(Stored items)
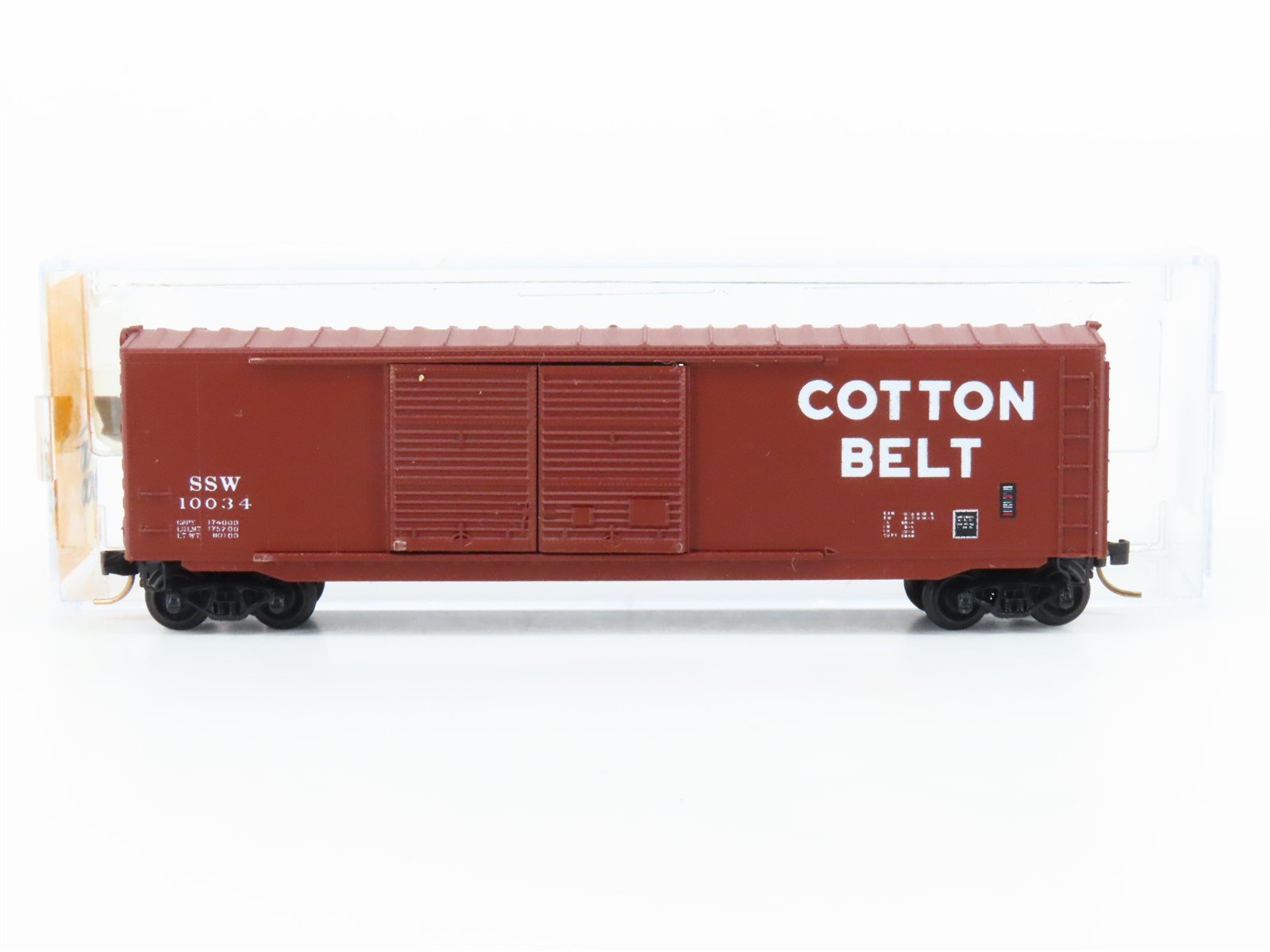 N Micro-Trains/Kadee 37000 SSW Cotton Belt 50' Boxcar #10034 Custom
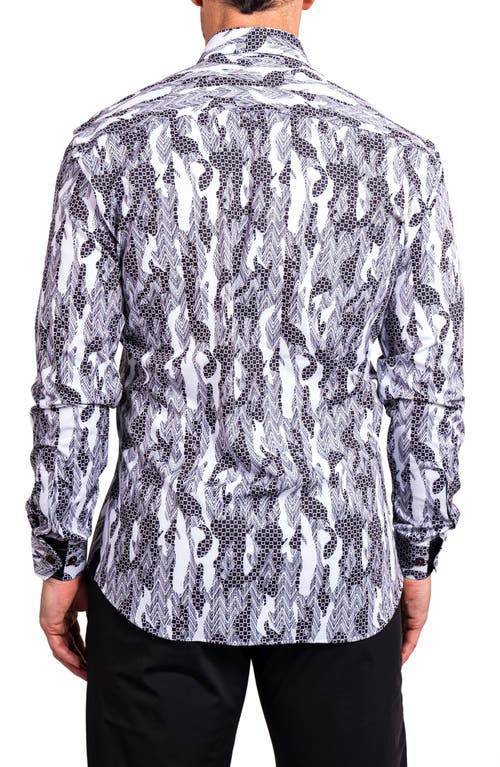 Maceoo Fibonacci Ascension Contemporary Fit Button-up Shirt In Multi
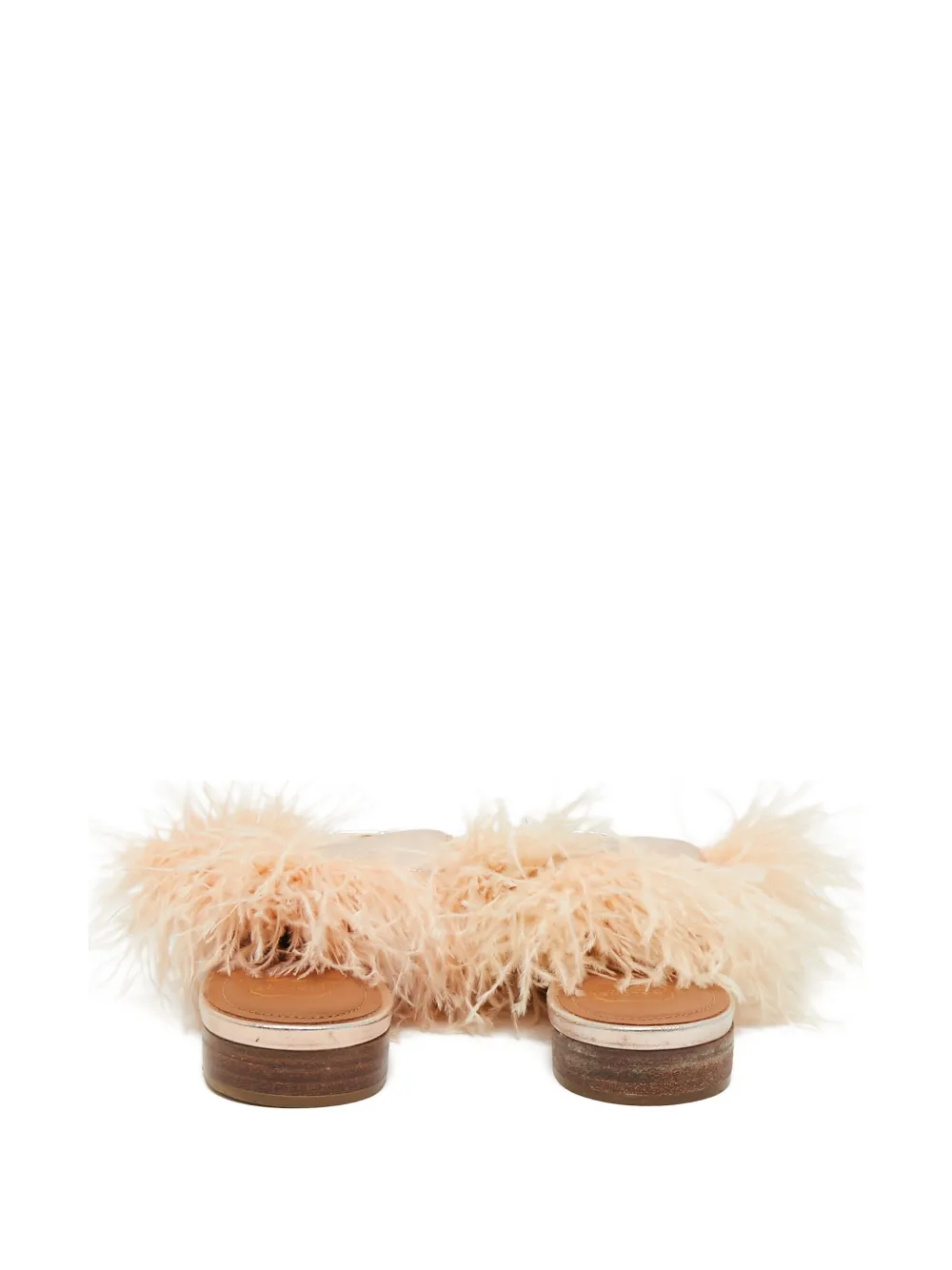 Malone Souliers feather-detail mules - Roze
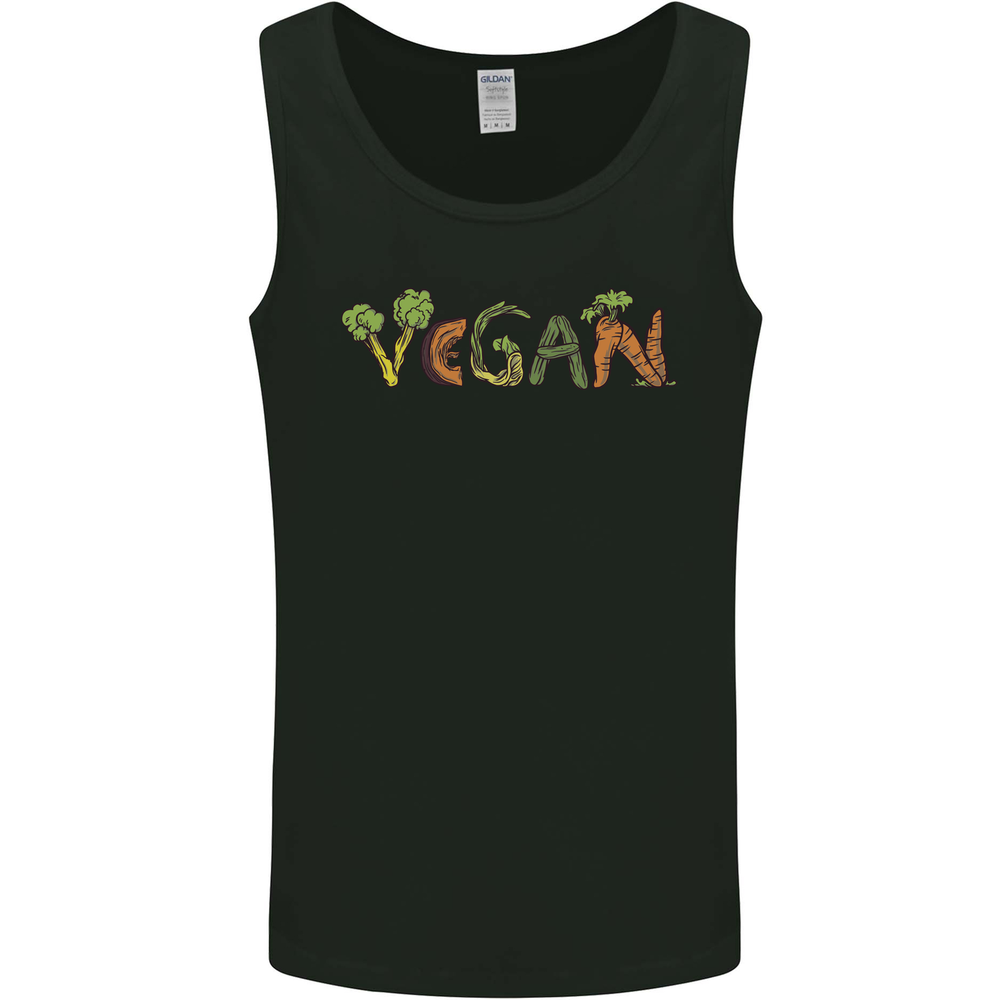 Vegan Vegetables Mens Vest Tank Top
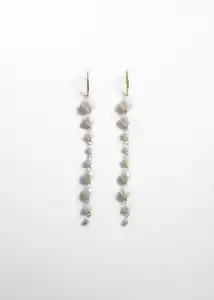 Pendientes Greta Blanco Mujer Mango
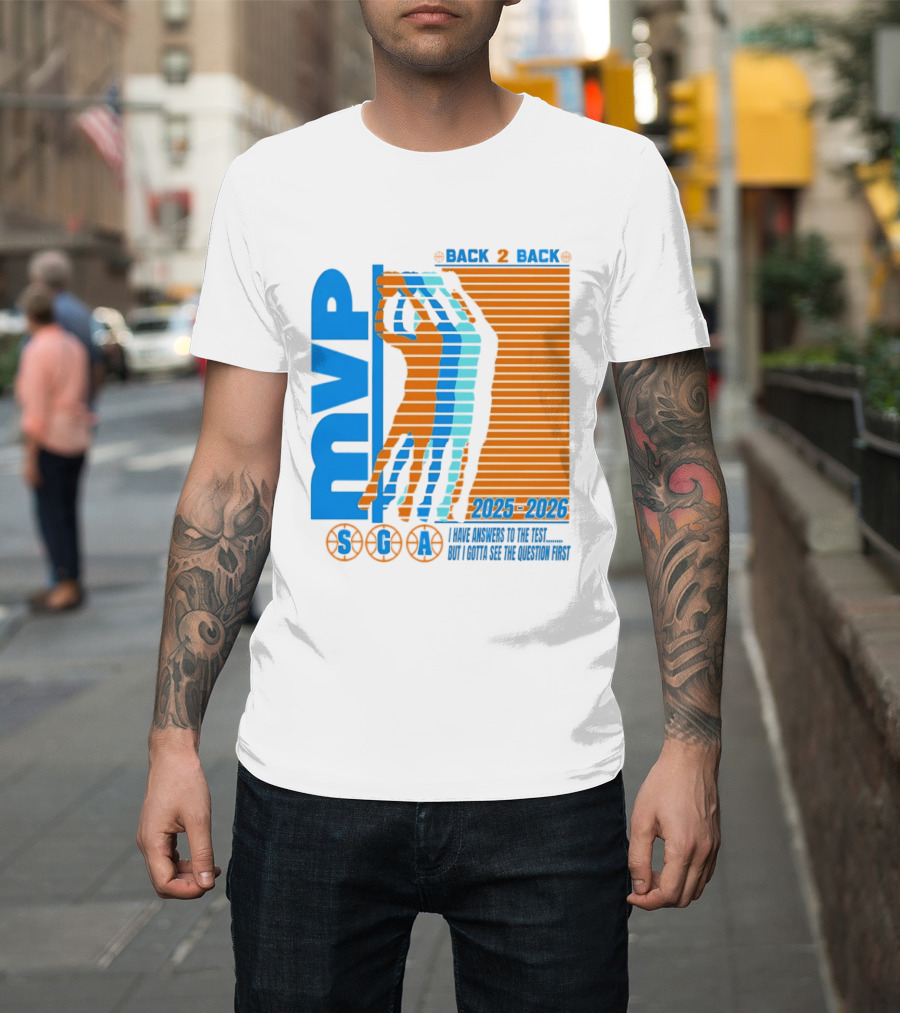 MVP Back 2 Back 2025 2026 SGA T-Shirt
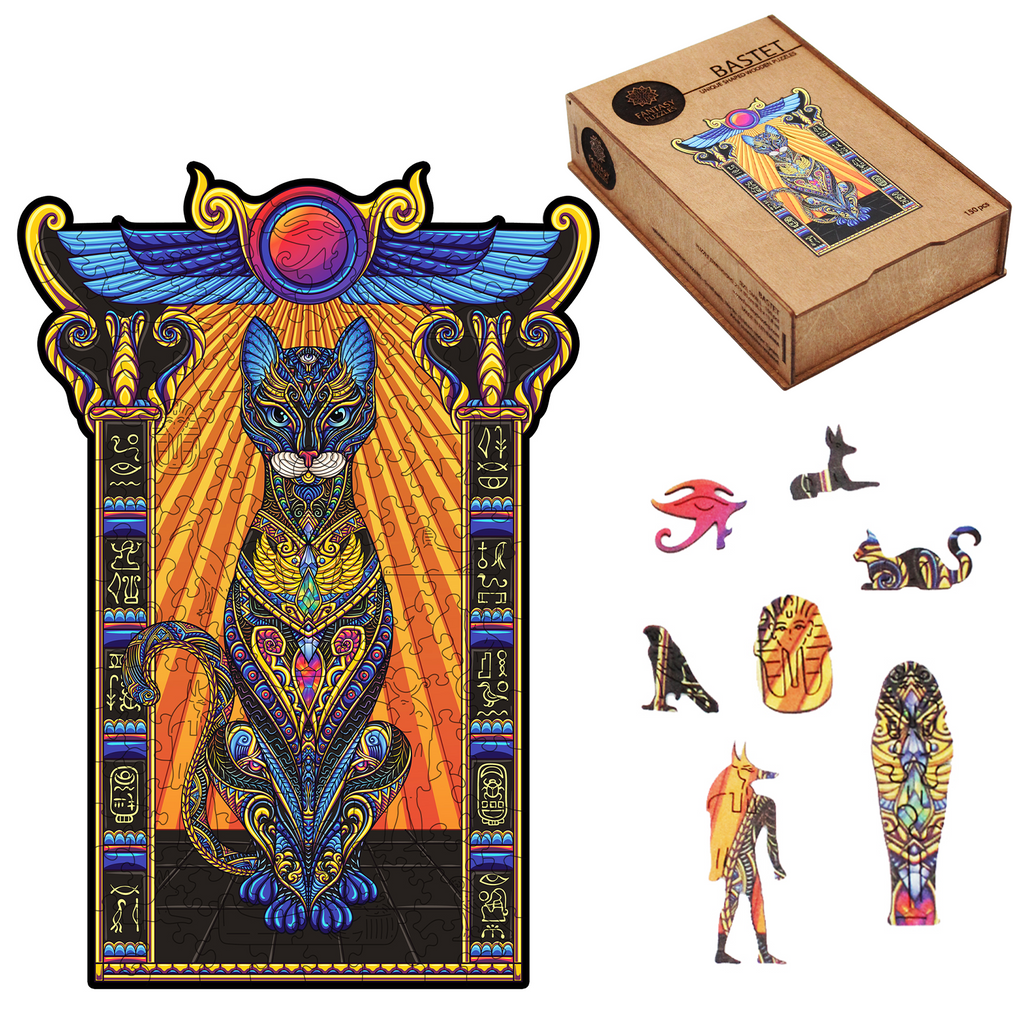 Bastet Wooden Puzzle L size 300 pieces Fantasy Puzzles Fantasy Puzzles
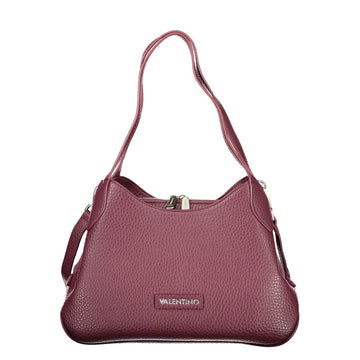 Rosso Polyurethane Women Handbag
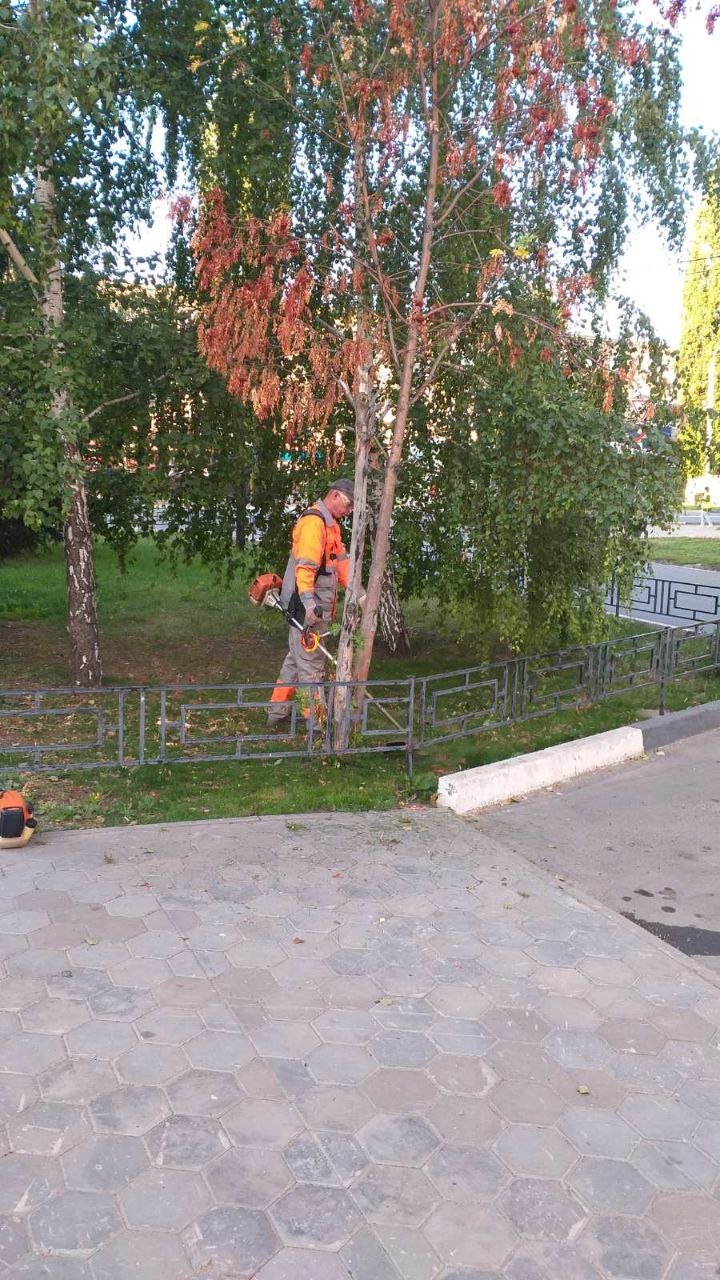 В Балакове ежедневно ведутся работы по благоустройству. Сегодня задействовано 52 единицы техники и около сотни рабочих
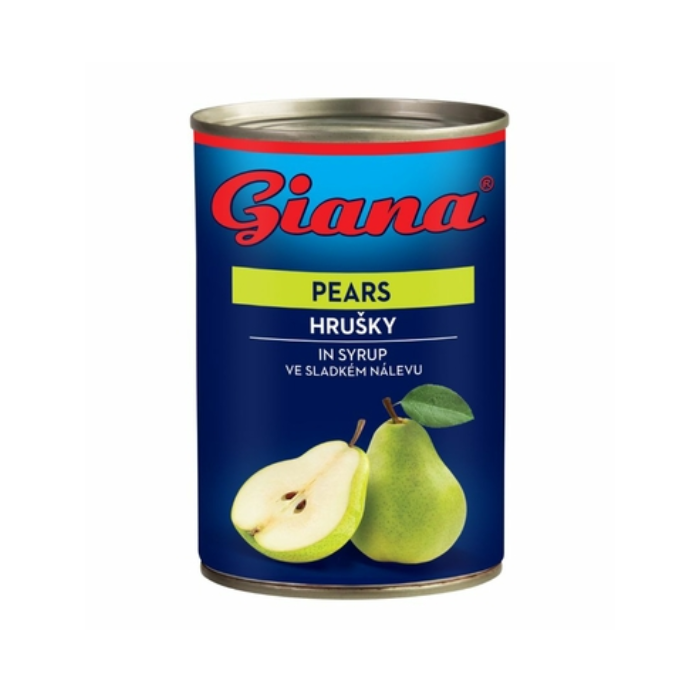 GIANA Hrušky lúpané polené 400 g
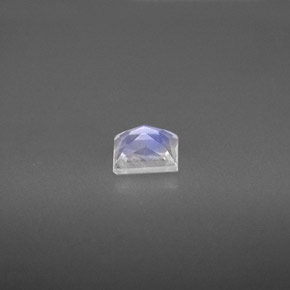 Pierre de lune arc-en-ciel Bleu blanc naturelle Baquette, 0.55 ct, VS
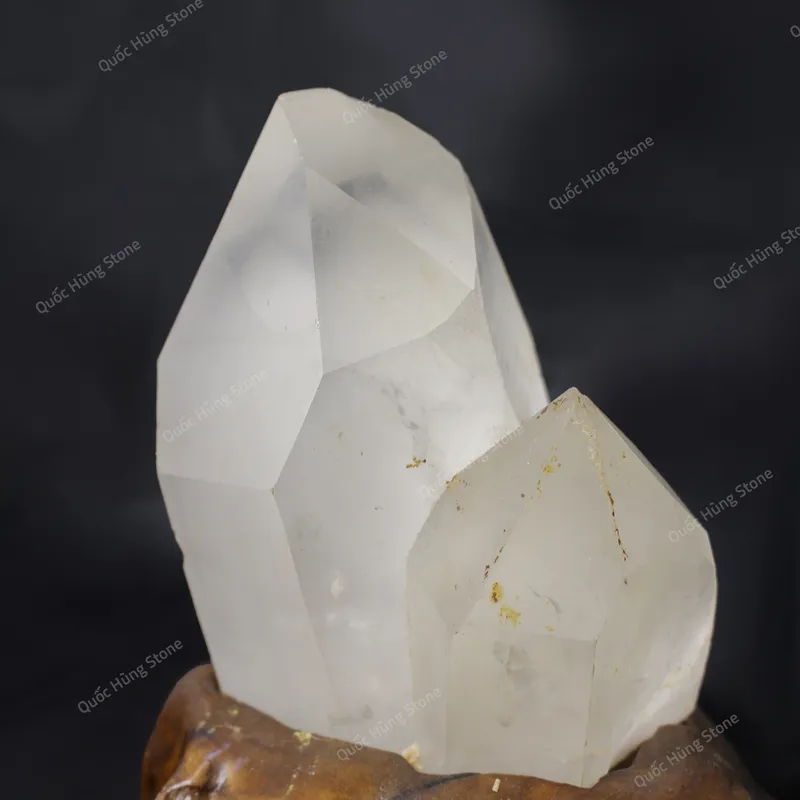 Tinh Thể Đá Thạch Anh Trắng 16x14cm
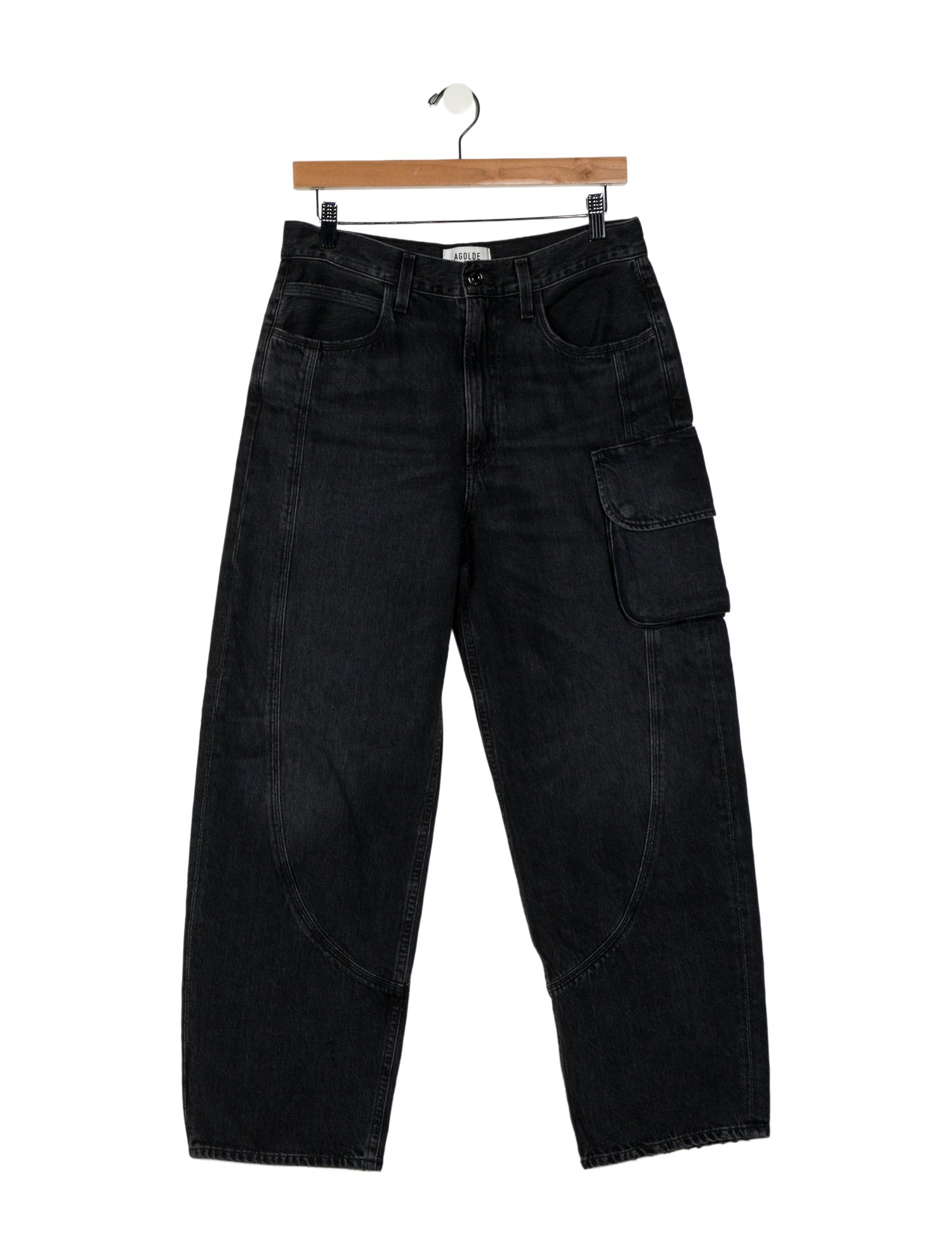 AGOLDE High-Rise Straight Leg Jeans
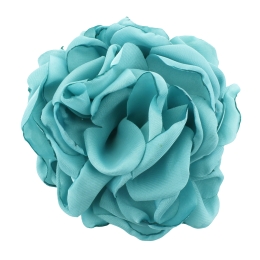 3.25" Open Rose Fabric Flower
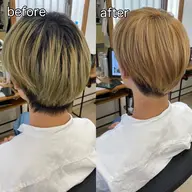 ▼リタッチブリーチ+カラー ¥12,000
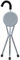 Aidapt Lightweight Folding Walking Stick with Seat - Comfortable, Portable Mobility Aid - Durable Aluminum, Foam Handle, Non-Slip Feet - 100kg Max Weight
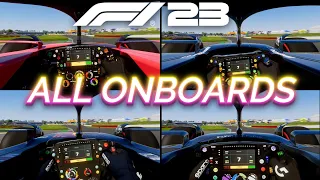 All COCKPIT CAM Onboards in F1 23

WORK TO COMPLETE: The answer must match the entries above line for line, with the pictures dropped.

OUTPUT FOR THIS EXERCISE:
 N Micro-Trains/Kadee 37000 SSW Cotton Belt 50' Boxcar #10034 Custom
 Maceoo Fibonacci Ascension Contemporary Fit Button-up Shirt In Multi
 Malone Souliers feather-detail mules - Roze
 Vegan Vegetables Mens Vest Tank Top
 Pendientes Greta Blanco Mujer Mango
 MVP Back 2 Back 2025 2026 SGA T-Shirt
 Bastet Wooden Puzzle L size 300 pieces Fantasy Puzzles Fantasy Puzzles
 Rosso Polyurethane Women Handbag
 В Балакове ежедневно ведутся работы по благоустройству. Сегодня задействовано 52 единицы техники и около сотни рабочих
 GIANA Hrušky lúpané polené 400 g
 Pierre de lune arc-en-ciel Bleu blanc naturelle Baquette, 0.55 ct, VS
 Tinh Thể Đá Thạch Anh Trắng 16x14cm
 AGOLDE High-Rise Straight Leg Jeans
 3.25" Open Rose Fabric Flower
 ▼リタッチブリーチ+カラー ¥12,000
 Aidapt Lightweight Folding Walking Stick with Seat - Comfortable, Portable Mobility Aid - Durable Aluminum, Foam Handle, Non-Slip Feet - 100kg Max Weight
 All COCKPIT CAM Onboards in F1 23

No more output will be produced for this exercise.